Corporations will not hire contractors directly as the liability is too high and past lawsuits have discouraged them from seeking direct contractual relationships with talents. Most large organizations work with Managed Service providers to source their contingent workforce demanding business liability insurance of $10 million and many other stringent requirements in order to be included in their procurement system.
The difference between these two types of position is small: a Full Time Employee of a corporation is salaried, receives benefits, and most time equity. A contingent worker who renders services to the corporation as a contractor, is in fact a Full Time Employee of the service provider and is salaried and receives benefits too (except equity).
Therefore, the difference is the equity FTEs gain as a direct hire of a corporation. However, it comes at a price: the cost of a Full Time Employee is huge. The added benefits are fixed expenses that directly affect the bottom line and when time comes to tighten the belt, FTEs are generally the first ones to go. Do not get fooled: FTE is no guarantee you will have a lifetime job anywhere.
There is also a 3rd option, should candidates believe it is in their best interest: to render services as a 1099 Independent Contractors operating under their own sole-proprietorship or business entity.
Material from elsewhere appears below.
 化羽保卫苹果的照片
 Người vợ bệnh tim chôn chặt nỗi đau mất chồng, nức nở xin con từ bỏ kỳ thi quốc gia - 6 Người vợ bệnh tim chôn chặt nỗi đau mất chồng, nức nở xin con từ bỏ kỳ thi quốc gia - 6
Usually, these talents work for smaller enterprises or start-ups as big corporations shy away from the liability mentioned above. In this case, there are no benefits. I do find that when a spouse/partner covers benefits, the worker opts for this option to benefit from tax deductions.
The contingent workforce model allows a company to operate within known parameters such as budget, timeline, and specific deliverables. It lends itself to scaling up or down based on company initiatives and business drivers. It takes the “sweat” out of the planning and execution of projects. Freelancers contributed to $1.35 trillion to the US economy in annual earnings in 2022 up $50 billion from 2021.
Why do corporations hire contractors?
- Instant scalability with premium talents with low overhead
- Access to individuals with proven results, often leaders in their fields without worrying about the longer-term costs by the way of benefits
- No time/cost spent in hiring: screening, interviewing, onboarding, training
- If a company want to be inclusive, innovative, and agile, a flex talent strategy is a huge differentiator.
- Tremendous accountability from contractors as the Managed Services business model relies on performance for compensation which is not always the case with FTEs.
Why do you want to work as a contractor?
- Option to take multiple contract roles as needed and make more money than your FTE counterparts
- Diversify by working for more than one company and therefore, riding the wave better than FTEs do in time of downturn economy
- Learn new things and accelerate skill development at a much faster rate than FTEs by being exposed to different industries and departments.
- Higher flexibility with time and location of work as contractors are paid based on deliverables and performance. Note: some contractors do bill hourly.
- When working with a managed services provider, contractors are W2 employees and get full benefits.
- They have a wide variety of work and the freedom to choose.
After talking to many of my counterparts in the high-tech industry, the pulse is that large corporations will start to slowly re-hire the second half of 2023 to execute on their 2023 business initiatives. Small to medium companies will continue their steady but controlled hiring throughout the year and we see companies leaning towards hiring a contingent workforce rather than FTEs.
To close on the question of job security, there is no guarantee regardless of the type of work contract you have. What you do and your contribution to the company’s goal is what matters: being relevant.